Arbitrary-resolution image generation still remains a challenging task in AIGC, as it requires handling varying resolutions and aspect ratios while maintaining high visual quality. Existing transformer-based diffusion methods suffer from quadratic computation cost and limited resolution extrapolation capabilities, making them less effective for this task. In this paper, we propose FlowDCN, a purely convolution-based generative model with linear time and memory complexity, that can efficiently generate high-quality images at arbitrary resolutions.
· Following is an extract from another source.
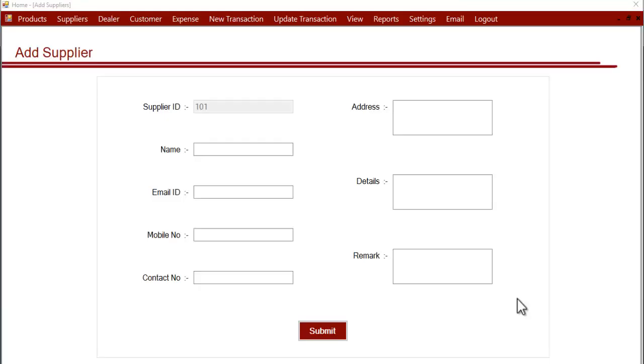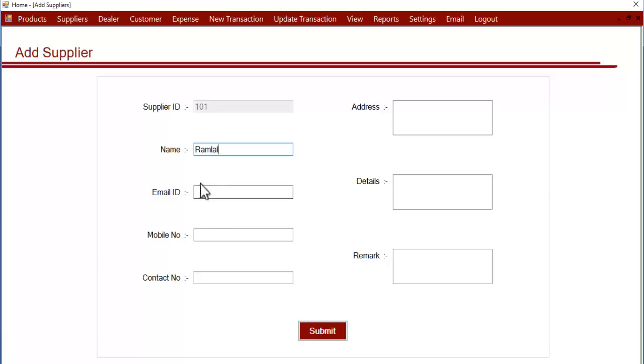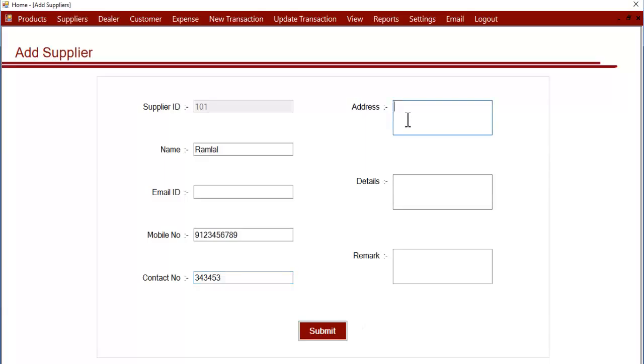Now let's add a supplier. Enter the name, email (email is optional - you can enter it or leave it blank), then the mobile number, alternate contact number, and the address of the supplier.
Equipped with a new design of learnable group-wise deformable convolution block, our FlowDCN yields higher flexibility and capability to handle different resolutions with a single model. FlowDCN achieves the state-of-the-art 4. 30 sFID on $256\times256$ ImageNet Benchmark and comparable resolution extrapolation results, surpassing transformer-based counterparts in terms of convergence speed (only $\frac{1}{5}$ images), visual quality, parameters ($8\%$ reduction) and FLOPs ($20\%$ reduction). We believe FlowDCN offers a promising solution to scalable and flexible image synthesis.